= What is being asked =
Only the lines from the one containing "Plant image Helianthus annuus 'Moulin Rouge'" through the final line of the entries below are wanted, each copied exactly.
BEGIN Task material
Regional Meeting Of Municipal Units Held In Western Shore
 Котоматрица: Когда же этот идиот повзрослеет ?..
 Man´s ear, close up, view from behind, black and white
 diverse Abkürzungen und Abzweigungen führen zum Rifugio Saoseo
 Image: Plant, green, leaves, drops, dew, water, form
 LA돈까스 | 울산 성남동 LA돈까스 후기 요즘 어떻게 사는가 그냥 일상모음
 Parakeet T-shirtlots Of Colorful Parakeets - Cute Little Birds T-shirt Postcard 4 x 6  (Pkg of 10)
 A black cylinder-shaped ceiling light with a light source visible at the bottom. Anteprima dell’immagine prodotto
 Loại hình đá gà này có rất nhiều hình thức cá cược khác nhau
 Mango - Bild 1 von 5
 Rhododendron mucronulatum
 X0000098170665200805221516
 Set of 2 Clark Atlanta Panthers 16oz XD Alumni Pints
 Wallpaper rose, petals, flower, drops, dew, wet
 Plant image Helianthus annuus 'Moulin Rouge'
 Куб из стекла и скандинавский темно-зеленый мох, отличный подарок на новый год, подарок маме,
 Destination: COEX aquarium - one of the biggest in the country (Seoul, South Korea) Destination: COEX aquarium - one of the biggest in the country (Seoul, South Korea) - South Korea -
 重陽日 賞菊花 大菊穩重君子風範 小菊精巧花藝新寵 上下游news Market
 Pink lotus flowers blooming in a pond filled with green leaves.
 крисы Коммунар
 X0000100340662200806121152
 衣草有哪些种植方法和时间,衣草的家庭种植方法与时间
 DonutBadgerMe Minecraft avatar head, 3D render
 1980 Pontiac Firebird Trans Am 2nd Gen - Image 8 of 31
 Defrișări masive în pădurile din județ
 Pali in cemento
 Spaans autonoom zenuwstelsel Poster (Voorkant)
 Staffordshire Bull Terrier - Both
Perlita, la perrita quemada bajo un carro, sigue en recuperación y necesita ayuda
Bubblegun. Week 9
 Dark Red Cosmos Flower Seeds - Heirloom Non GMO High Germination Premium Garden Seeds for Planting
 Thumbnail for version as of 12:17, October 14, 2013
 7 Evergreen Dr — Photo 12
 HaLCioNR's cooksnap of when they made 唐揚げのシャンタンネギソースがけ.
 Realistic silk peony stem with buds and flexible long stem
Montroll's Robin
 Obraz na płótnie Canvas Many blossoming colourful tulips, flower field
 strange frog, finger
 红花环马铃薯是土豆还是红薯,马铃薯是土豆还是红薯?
END Task material
= Result =
 Plant image Helianthus annuus 'Moulin Rouge'
 Куб из стекла и скандинавский темно-зеленый мох, отличный подарок на новый год, подарок маме,
 Destination: COEX aquarium - one of the biggest in the country (Seoul, South Korea) Destination: COEX aquarium - one of the biggest in the country (Seoul, South Korea) - South Korea -
 重陽日 賞菊花 大菊穩重君子風範 小菊精巧花藝新寵 上下游news Market
 Pink lotus flowers blooming in a pond filled with green leaves.
 крисы Коммунар
 X0000100340662200806121152
 衣草有哪些种植方法和时间,衣草的家庭种植方法与时间
 DonutBadgerMe Minecraft avatar head, 3D render
 1980 Pontiac Firebird Trans Am 2nd Gen - Image 8 of 31
 Defrișări masive în pădurile din județ
 Pali in cemento
 Spaans autonoom zenuwstelsel Poster (Voorkant)
 Staffordshire Bull Terrier - Both
Perlita, la perrita quemada bajo un carro, sigue en recuperación y necesita ayuda
Bubblegun. Week 9
 Dark Red Cosmos Flower Seeds - Heirloom Non GMO High Germination Premium Garden Seeds for Planting
 Thumbnail for version as of 12:17, October 14, 2013
 7 Evergreen Dr — Photo 12
 HaLCioNR's cooksnap of when they made 唐揚げのシャンタンネギソースがけ.
 Realistic silk peony stem with buds and flexible long stem
Montroll's Robin
 Obraz na płótnie Canvas Many blossoming colourful tulips, flower field
 strange frog, finger
 红花环马铃薯是土豆还是红薯,马铃薯是土豆还是红薯?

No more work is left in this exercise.